The conference starts in the morning.  More then.

Saturday, May 7, 2011

Doha or bust

On the way to Houston to catch Qatar Airways to Doha.  A 14 hour direct flight and I'll be there.  Looking ahead, the weather in Doha is about the same as in Austin, except it has only about 20% humidity!

I am still unsure where I am staying when I get there.  Since the Qatari government is picking up the tab, they say trust them.  They will have someone meet me at the airport and drive me to the conference/hotel.  I sure hope so!   The conference was at the Ritz Carelton last year on the northern end of the city.  That little problem aside, the trip should be uneventful.

Seems everyone I talk to about going to the Middle East asks me the same question.  It is safe?  I suppose that shows how little we Americans know about the Middle East, or perhaps it shows how effective the fear mongers have been since 9/11.  Qatar has been the home of the U.S. Central Command since the first Iraq war and Qatar is a close ally to the U.S.  And Bahrain next door is home to the U.S. Navy 5th Fleet.   I've also talked to several servicemen who have told me that they are often flown to Qatar for R&R!

As for being in the desert, here is a picture from the Ritz hotel.  Hmm, I can cast that far...maybe I need to pack a fishing rod.

Wednesday, May 4, 2011

Where in the world is Doha?

Country map and flag of Qatar

Doha is the capital city of Qatar and is the only major city in the country.  Qatar has a citizen population of 450,000, which makes it about as large as Austin.  The country is a peninsula off the east coast of Saudi Arabia roughly the size of Connecticut and Rhode Island combined.
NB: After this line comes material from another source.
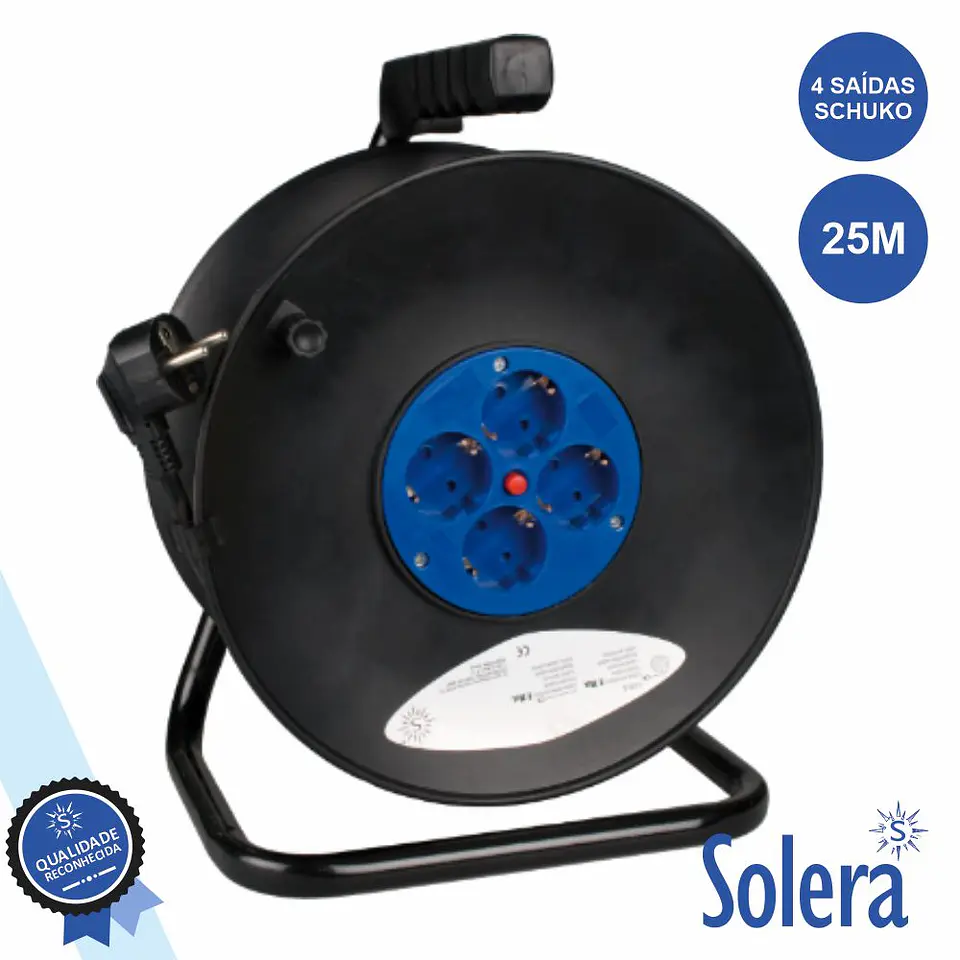Extensão Elétrica C/ Enrolador 4x Schuko 25m SOLERA 1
Yet, it is one of the richest and more progressive nations in the Middle East with a per capita income of $67,000 (compared to roughly $40,000 in the U.S).

Doha has also been the site of the World Trade Organization's "Doha Round" of trade talks since 2001.

The People
Qataris are descended from a number of migratory tribes that came to Qatar in the 18th century from neighboring Gulf emirates while others are descended from Persian merchants. Most of Qatar's 1.5 million inhabitants live in Doha, the capital.
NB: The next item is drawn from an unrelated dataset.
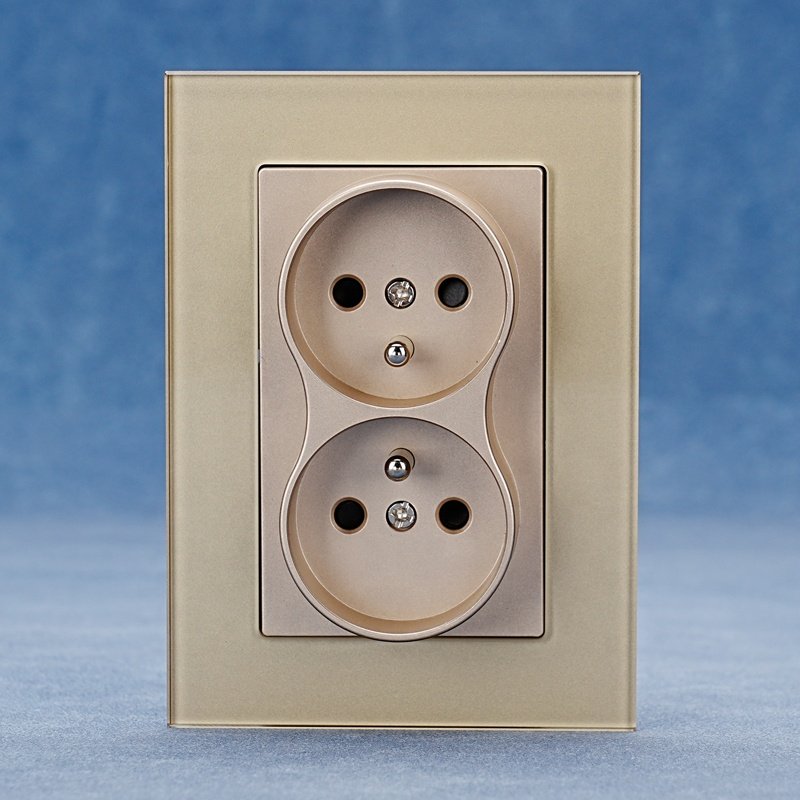 EU Wall Ground Socket 250V 16A France Tampered Glass Panel Double Plug Socket 2P+T Wall Socket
Foreigners with temporary residence status make up about three-fourths of the population. Foreign workers comprise as much as 85% of the total population and make up about 90% of the total labor force. Most are South and Southeast Asians, Egyptians, Palestinians, Jordanians, Lebanese, Syrians, Yemenis, and Iranians. About 8,000 U.S. citizens reside in Qatar.

For centuries, the main sources of wealth were pearling, fishing, and trade. At one time, Qataris owned nearly one-third of the Persian Gulf fishing fleet. With the Great Depression and the introduction of Japan's cultured-pearl industry, pearling in Qatar declined drastically.
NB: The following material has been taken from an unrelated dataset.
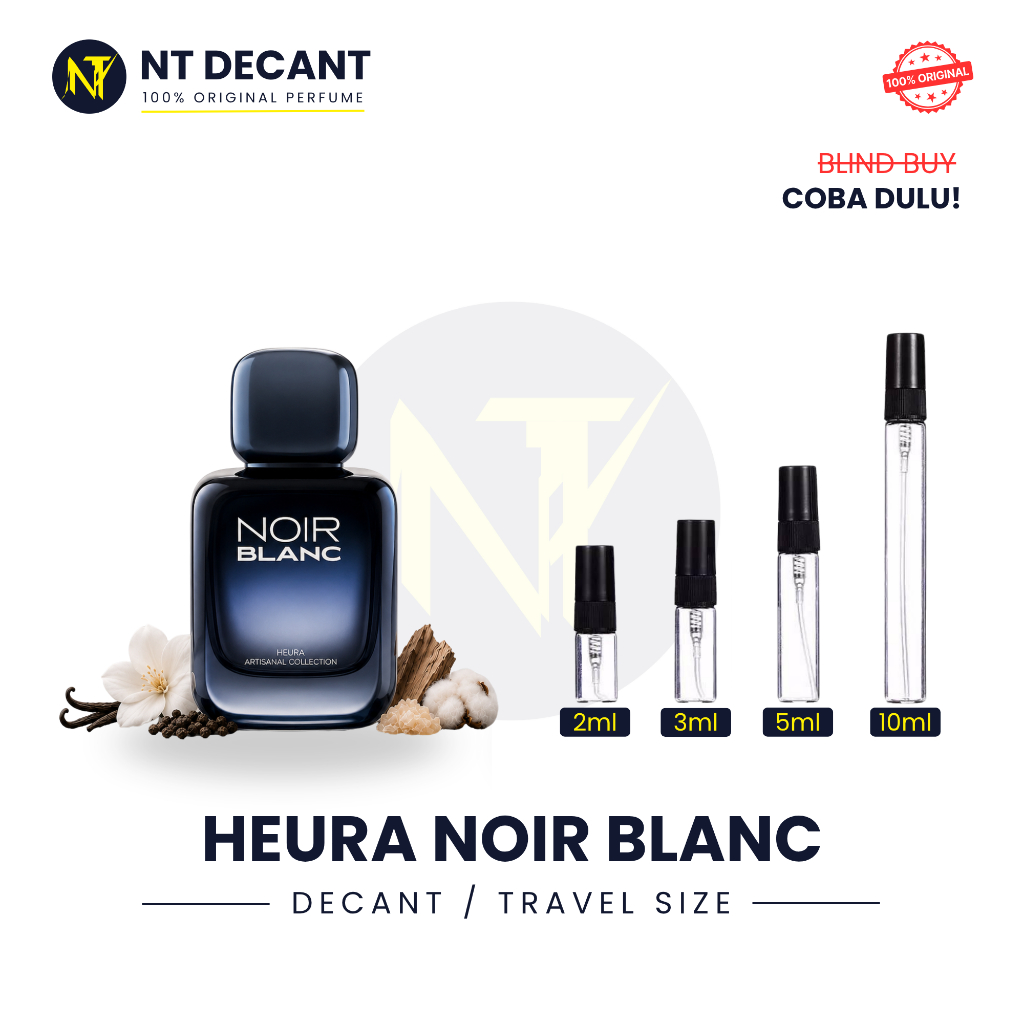 [Gratis 1ml] Decant Parfum Heura Noir Blanc Original 2ml 3ml 5ml 10ml Travel Size Parfum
The Qataris are mainly Sunni Muslims. Islam is the official religion and is the basis of Qatar's legal system. Civil courts have jurisdiction over commercial law. Arabic is the official language but and English is widely spoken.  More information on the country can be found on the U.S. Department of State web site.

When the Ottomans left at the beginning of World War I, the British recognized Sheikh Abdullah bin Jassim Al Thani as ruler. The Al Thani family had lived in Qatar for 200 years. 

Invited to Doha

The government of Qatar has invited me (as the representative of the International Business Institute at Austin Community College) to participate in a three day conference on Democracy and Free Trade.  The conference is being held in Doha, Qatar on May 9-13.  As I understand it, only 3 from Texas were selected for this honor and ACC is the only Community College in the U.S. that was invited.

If a conference on Democracy, Development and Free Trade is not interesting enough, one being held in the Middle East during these turbulent times is a tremendous opportunity to explore the democratic movements that are emerging in the region as well as the business opportunities for Texans as a result.

The invitation has got me thinking about the nature of a democracy and the associated freedoms necessary to develop a climate of free trade.

So, ov er the course of the next few weeks, I hope to blog about the trip to Qatar and about the events during the conference.  I will try to post at least daily.